→ What this task involves
From the entries below, determine the number of lines that contain "table". Give that number by itself.

→ Material provided
◇ ◇ ◇ ◇ ◇

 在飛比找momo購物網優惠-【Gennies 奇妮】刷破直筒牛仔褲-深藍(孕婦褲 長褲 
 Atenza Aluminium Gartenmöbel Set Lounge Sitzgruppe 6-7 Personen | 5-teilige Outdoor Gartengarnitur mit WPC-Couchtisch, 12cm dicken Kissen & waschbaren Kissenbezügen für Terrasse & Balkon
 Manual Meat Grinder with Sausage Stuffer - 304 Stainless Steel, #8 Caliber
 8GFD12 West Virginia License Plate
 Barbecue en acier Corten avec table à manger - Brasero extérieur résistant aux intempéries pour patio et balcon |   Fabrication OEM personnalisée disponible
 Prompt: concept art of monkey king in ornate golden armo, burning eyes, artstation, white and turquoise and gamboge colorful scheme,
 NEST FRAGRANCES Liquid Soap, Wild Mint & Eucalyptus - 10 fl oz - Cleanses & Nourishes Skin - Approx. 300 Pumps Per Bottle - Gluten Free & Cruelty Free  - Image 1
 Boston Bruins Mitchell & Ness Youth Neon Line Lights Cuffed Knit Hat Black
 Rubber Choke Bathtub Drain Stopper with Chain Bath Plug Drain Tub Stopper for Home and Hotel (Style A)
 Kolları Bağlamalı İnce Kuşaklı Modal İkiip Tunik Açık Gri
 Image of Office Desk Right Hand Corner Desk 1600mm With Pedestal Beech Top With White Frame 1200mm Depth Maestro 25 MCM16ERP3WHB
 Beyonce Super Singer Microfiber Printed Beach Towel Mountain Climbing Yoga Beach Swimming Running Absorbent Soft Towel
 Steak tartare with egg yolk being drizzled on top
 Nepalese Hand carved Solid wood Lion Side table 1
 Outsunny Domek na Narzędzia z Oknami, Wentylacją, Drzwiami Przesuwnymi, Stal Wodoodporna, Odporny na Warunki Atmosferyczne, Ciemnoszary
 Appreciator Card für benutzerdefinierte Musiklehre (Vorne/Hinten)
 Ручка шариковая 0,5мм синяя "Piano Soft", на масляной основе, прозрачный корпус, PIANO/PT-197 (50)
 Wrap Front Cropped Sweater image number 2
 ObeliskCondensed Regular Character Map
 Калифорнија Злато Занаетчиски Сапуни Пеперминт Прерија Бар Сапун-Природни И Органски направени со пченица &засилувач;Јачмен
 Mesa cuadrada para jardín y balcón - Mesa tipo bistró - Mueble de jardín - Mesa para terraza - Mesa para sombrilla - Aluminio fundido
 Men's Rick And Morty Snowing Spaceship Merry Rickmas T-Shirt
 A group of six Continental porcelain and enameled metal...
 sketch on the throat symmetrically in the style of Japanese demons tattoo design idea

◇ ◇ ◇ ◇ ◇

→ Solution to this exercise
2